Im Deutschland des Mittelalters betrug der Darlehenszins 10 bis 12 %, ging dann auf 7 bis 8 % zurück, und bewegte sich in der Mitte des 16. Jahrhunderts zwischen 4 und 8 %.

Auch der Islam hat es, trotz verschiedener Ansätze, nicht geschafft, ein zinsloses Geldsystem zu entwickeln und das Gebot des Propheten durchzusetzen:

„Ihr Gläubigen! Nehmt nicht Zins, in dem ihr in mehrfachen Beträgen wiedernehmt, was ihr ausgeliehen habt!“ (Koran, Sure 3 Vers 130).

Der Mensch ist eben oft bereit, für ein Gut mehr zu bezahlen, wenn es ihm sofort anstatt in einigen Monaten oder Jahren zur Verfügung steht. –

Erst in der Neuzeit fielen die Zinsverbote nach und nach, und nur der Zinsfuß war durch Vorschriften begrenzt, eine Regelung, die bis heute in Gerichtsurteilen ihren Nachklang findet.
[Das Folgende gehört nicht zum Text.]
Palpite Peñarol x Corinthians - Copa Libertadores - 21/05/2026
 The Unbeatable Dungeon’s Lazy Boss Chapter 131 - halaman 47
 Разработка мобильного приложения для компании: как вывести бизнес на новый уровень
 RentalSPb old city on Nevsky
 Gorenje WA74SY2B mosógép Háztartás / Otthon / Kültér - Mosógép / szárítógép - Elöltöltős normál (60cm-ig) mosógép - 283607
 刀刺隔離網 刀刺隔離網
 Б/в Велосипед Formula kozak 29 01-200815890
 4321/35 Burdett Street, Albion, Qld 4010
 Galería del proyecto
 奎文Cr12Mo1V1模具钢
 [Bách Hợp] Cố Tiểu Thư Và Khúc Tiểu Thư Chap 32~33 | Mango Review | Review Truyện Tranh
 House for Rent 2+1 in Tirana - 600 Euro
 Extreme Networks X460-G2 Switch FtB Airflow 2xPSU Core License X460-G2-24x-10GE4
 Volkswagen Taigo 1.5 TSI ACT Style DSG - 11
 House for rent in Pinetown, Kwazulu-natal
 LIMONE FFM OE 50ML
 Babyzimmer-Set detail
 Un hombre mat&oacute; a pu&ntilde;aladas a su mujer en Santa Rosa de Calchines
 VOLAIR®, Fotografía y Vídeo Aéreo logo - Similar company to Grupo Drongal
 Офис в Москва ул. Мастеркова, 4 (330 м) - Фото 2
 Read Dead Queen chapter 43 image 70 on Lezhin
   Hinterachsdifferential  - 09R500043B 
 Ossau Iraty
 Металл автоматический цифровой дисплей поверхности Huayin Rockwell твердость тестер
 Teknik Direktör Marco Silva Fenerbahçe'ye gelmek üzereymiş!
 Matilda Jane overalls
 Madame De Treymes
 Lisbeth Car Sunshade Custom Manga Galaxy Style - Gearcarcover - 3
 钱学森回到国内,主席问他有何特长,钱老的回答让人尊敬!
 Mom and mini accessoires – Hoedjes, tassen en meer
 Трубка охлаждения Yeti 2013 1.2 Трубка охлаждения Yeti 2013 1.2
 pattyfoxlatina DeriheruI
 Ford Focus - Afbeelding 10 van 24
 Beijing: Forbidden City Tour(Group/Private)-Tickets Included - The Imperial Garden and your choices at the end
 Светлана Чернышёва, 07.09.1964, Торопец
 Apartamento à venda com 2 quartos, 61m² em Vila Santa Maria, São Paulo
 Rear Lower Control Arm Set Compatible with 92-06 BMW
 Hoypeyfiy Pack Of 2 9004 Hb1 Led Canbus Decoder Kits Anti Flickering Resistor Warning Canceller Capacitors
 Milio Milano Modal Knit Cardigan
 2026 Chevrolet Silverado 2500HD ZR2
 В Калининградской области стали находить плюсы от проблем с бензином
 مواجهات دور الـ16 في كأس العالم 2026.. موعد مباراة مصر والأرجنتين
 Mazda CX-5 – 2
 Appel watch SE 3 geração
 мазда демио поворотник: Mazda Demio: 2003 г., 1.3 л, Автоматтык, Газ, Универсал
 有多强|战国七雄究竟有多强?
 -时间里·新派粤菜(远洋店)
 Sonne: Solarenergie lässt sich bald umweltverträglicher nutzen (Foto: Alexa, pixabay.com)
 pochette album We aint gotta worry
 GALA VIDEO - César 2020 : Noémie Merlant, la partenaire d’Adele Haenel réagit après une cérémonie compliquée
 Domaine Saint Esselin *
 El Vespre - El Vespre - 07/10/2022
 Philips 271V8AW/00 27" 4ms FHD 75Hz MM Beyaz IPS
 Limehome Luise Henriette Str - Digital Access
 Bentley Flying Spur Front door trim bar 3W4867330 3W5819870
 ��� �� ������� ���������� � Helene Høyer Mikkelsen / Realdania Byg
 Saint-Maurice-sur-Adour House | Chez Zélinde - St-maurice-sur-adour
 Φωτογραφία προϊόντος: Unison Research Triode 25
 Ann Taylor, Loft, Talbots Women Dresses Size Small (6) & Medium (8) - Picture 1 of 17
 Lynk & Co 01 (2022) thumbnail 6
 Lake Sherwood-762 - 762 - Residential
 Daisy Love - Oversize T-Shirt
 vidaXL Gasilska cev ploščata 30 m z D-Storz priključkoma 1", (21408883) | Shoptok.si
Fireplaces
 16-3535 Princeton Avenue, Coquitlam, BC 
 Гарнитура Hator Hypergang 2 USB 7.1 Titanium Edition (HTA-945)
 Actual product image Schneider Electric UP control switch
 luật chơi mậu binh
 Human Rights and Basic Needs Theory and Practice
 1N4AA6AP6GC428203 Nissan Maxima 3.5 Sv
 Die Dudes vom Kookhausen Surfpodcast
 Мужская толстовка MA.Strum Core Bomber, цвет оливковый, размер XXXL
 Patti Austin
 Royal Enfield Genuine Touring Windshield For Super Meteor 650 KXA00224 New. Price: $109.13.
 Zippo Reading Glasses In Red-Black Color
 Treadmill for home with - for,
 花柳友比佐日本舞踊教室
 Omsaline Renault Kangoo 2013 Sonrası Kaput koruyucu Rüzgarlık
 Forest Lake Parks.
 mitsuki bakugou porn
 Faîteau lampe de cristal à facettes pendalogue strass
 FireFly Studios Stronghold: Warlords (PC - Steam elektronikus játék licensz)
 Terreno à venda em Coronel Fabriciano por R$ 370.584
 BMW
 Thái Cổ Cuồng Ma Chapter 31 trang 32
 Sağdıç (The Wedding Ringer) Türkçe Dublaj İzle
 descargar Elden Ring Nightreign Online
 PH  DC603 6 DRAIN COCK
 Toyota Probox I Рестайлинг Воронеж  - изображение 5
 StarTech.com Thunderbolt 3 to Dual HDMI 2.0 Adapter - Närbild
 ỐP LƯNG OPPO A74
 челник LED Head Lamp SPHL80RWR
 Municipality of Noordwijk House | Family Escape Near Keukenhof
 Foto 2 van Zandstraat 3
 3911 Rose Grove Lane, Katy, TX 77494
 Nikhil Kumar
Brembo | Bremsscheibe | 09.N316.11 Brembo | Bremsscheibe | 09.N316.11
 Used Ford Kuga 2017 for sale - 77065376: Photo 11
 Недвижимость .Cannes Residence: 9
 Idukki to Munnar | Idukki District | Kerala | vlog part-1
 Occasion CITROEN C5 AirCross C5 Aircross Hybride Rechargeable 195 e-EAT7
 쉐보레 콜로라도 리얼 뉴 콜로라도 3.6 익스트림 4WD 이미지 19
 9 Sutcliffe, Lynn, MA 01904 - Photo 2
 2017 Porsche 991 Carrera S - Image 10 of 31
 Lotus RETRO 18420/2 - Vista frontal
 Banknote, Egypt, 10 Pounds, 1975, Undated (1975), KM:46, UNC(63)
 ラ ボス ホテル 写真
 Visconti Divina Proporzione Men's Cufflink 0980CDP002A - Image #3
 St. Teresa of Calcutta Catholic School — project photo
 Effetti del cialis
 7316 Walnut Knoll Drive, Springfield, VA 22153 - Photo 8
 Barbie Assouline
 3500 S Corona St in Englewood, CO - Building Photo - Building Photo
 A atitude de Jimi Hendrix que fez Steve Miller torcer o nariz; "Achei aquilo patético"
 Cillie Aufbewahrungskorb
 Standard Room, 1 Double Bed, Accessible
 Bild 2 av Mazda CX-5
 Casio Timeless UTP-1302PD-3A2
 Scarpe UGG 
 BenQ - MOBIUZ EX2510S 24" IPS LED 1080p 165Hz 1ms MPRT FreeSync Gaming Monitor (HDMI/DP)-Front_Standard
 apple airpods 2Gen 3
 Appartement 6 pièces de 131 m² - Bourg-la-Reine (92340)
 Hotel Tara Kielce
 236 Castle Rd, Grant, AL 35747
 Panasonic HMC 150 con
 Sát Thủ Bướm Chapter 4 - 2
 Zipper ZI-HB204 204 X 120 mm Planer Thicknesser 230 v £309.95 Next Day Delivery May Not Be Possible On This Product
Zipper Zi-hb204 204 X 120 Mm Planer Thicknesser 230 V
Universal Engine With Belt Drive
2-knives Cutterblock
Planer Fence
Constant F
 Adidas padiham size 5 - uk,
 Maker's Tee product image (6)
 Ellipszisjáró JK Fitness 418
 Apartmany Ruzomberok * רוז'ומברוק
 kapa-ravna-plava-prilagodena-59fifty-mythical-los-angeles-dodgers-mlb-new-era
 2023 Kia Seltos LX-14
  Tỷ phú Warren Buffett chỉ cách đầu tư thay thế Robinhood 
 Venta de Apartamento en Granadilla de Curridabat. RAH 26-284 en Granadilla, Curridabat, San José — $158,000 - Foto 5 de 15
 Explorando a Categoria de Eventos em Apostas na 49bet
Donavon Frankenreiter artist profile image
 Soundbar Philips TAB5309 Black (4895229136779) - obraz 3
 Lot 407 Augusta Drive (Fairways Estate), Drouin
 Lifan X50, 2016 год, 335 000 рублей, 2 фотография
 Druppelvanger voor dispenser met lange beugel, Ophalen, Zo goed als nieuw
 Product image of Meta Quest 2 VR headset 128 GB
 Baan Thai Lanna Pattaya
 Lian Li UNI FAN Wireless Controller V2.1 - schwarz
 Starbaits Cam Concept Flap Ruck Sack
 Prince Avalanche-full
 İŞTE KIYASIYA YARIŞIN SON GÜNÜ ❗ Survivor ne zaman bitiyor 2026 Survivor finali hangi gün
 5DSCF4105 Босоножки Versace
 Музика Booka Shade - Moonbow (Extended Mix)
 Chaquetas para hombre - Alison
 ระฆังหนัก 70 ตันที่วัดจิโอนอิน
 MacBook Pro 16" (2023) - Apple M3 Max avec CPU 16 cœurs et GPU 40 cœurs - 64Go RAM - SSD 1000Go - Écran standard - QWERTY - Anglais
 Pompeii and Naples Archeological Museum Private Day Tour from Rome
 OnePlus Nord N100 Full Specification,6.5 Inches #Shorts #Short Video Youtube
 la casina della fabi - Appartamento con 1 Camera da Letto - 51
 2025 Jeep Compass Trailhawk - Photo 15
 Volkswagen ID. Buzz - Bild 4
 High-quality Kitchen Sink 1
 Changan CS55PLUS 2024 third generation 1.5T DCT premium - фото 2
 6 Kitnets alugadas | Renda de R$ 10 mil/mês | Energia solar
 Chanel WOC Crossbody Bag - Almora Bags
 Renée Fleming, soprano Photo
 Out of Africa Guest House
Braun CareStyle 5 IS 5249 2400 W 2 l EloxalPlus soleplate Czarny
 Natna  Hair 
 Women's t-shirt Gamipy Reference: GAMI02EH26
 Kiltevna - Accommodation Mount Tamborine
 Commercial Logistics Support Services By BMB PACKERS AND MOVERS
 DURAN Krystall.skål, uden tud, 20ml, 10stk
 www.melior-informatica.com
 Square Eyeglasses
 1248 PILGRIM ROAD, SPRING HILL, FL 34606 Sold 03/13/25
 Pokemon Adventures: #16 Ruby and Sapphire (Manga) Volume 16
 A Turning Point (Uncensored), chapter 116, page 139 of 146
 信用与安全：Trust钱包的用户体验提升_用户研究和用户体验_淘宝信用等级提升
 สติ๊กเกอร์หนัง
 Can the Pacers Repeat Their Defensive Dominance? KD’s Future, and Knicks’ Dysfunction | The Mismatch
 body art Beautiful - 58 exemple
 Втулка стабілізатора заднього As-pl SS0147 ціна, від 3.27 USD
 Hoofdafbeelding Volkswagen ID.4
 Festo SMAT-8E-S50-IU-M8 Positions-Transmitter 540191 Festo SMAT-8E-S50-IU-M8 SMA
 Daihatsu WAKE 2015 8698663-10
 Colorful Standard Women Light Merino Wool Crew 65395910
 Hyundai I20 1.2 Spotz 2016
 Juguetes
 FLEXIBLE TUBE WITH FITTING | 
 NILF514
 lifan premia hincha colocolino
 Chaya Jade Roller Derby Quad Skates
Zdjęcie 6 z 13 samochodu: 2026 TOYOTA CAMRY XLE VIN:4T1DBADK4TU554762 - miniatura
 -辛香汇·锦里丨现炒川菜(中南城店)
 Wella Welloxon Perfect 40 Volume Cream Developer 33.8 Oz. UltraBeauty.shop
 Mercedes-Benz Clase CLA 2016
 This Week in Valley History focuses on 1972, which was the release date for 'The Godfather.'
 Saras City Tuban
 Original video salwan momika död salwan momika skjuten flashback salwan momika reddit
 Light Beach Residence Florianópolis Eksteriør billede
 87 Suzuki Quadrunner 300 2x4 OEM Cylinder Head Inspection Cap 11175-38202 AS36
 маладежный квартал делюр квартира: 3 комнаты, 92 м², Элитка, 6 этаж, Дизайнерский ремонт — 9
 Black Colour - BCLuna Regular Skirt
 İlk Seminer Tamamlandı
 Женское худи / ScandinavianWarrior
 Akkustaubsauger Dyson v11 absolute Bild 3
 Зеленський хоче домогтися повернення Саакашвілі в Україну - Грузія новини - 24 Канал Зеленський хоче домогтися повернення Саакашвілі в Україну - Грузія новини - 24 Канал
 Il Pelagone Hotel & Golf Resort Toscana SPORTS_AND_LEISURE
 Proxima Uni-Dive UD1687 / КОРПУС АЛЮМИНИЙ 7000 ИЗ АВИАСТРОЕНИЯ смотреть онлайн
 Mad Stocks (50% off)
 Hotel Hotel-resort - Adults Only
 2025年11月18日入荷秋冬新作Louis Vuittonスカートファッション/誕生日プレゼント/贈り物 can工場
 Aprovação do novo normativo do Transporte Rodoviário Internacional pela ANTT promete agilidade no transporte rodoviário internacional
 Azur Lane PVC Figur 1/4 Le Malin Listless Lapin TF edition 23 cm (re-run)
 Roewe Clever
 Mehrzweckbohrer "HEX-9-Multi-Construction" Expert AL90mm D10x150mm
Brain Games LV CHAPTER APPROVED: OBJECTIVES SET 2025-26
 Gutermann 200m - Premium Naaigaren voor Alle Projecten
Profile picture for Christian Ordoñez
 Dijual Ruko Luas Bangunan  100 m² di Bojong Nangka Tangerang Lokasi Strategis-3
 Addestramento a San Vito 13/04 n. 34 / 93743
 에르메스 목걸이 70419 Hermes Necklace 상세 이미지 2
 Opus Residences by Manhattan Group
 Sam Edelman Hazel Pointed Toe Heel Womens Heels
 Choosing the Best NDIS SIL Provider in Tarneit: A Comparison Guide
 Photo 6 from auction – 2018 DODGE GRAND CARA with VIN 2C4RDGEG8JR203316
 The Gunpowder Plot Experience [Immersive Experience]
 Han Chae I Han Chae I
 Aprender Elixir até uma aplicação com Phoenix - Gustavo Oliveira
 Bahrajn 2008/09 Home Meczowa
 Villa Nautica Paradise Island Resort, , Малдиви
Rechtlich völlig frei gegeben wurde der Zins erst im 19. Jahrhundert. Doch diese Zinsfreiheit wurde missbraucht und musste wieder eingeschränkt werden, so dass Gerichte bis heute zwischen erlaubtem „Zins“ und strafbarem „Wucher“ unterscheiden, was in Grenzfällen nicht leicht ist. –

Die Kapital-Verzinsung ist aus unserer Ökonomie nicht wegzudenken; sie verlangt Wachstum und gilt als treibende Kraft der Beschleunigung der Wirtschaft, da die Zinsen auf jedes Unternehmen als mehr oder weniger starker Druck wirken, der steigenden Umsatz und wachsenden Gewinn verlangt, um die immer drohende Liquiditätslücke zu vermeiden. Der Unternehmer muss hart arbeiten, um seine Schulden abzuzahlen…

Den verbreiteten ökonomischen Lehren von der notwendigen Kapital-Verzinsung steht allerdings eine einfache mathematische Beziehung im Wege: Zins und Zinseszins wachsen in geometrischer Progression und schießen allmählich oder auch überraschend schnell über alle Grenzen hinaus.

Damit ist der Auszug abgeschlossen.